Given the comments made by Prime Minister Cameron about the numbers of British Muslims — some of them born here — who have joined the fighting in Syria and elsewhere, Sir Richard’s attempts to characterise this as simply a war between Muslim sects needs to be examined further.

One can understand the former MI6 chief’s attempts to minimise the threat to Britain from jihadists. After all it was under his watch that the intelligence reports, some of which came from MI6, went to make up the great dossier (which one journalist called “sexed up” ) which Blair used to justify going to war.

So those involved in that unfortunate invasion, which is perhaps the biggest British foreign policy error since Suez nearly 70 years ago, would wish to deny any connection between the Iraq invasion of 2003 and what is happening there today.

Moreover, the fact that ISIS specifically refers to the Sykes-Picot agreement, officially called the Asian Minor Agreement, in its efforts to win adherents to its cause, obviously has implications for Britain.

It is the duplicity of Britain at the time that makes the Sykes-Picot agreement a central issue and is used as a clarion call to Muslims, particularly in Europe, to join its ranks to avenge its perceived as a great betrayal.

So to say therefore the British people have nothing to fear from any jihadist backlash and the threat to them is highly exaggerated, appears to be to hide a truth that the British should be aware of and have a right to know.

I might add here that on returning to Colombo after that visit to Iraq and Kuwait, I wrote a long article in the Daily News which was headlined, if I remember correctly, “Alarm bells ring in the Gulf”.

In it I said that it would not come as a surprise if war broke out between Iraq and Iran.
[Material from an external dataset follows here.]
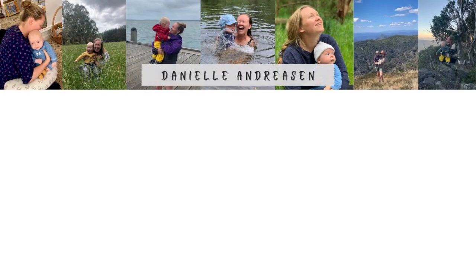Thank you so much for watching and I hope it was really helpful. You might like to check out these other videos if you've got a new baby as well.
The signs were there. Saddam Hussein, by then a leader acceptable to the west, was being supplied with technical know-how and ingredients to make chemical and biological weapons.
The reason was that the Shah of Iran, for many years propped up by the US as the guardian of the Gulf to safeguard western interests, had been overthrown in the 1979 Iranian revolution led by Ayatollah Khomeini.
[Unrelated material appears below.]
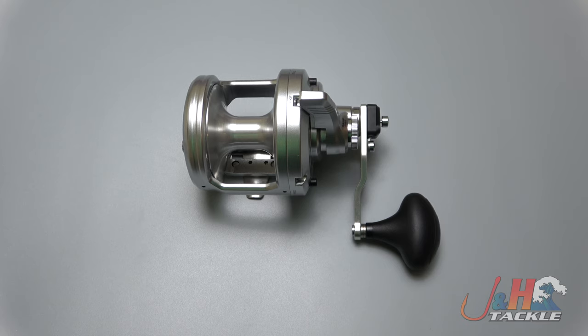It really is a great deal, and I'm glad Shimano's coming out with more and more cool stuff. So check it out — it's the Shimano Speedmaster 220 two-speed lever drag reel. You can get yours at J&H.com or on the J&H app.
This was a tragic blow that Washington in particular, could and would not countenance. Seen as a threat to western interests and pro-western rulers in the region, the west was ready to use Saddam — never mind his been a despot and all that — to wage war on the new Shia Muslim leadership in Teheran.

But as soon as Saddam proved to be more ambitious than was acceptable to the west and became a threat to western interests, it was time to overthrow him.

The same happened to Libya’s Muammar Gaddafi who Blair tried to cultivate in later years hoping that he would be a bulwark against what was seen as Islamic terrorism.

While right now there are attempts by those who supported the Iraq invasion of 2003 to distance themselves from their share in it, Britain and the outside world are still awaiting the release of the Chilcott inquiry report into Britain’s role in that war.

Given the history of similar inquiries and the attempts by officialdom in London and Washington to suppress some of the conversations and correspondence between Blair and Bush about going to war and the plans for it, much vital material might not see the light of day.

Some say it will be a whitewash as other reports have been. Only time will tell. But then it’s been a long time waiting for it.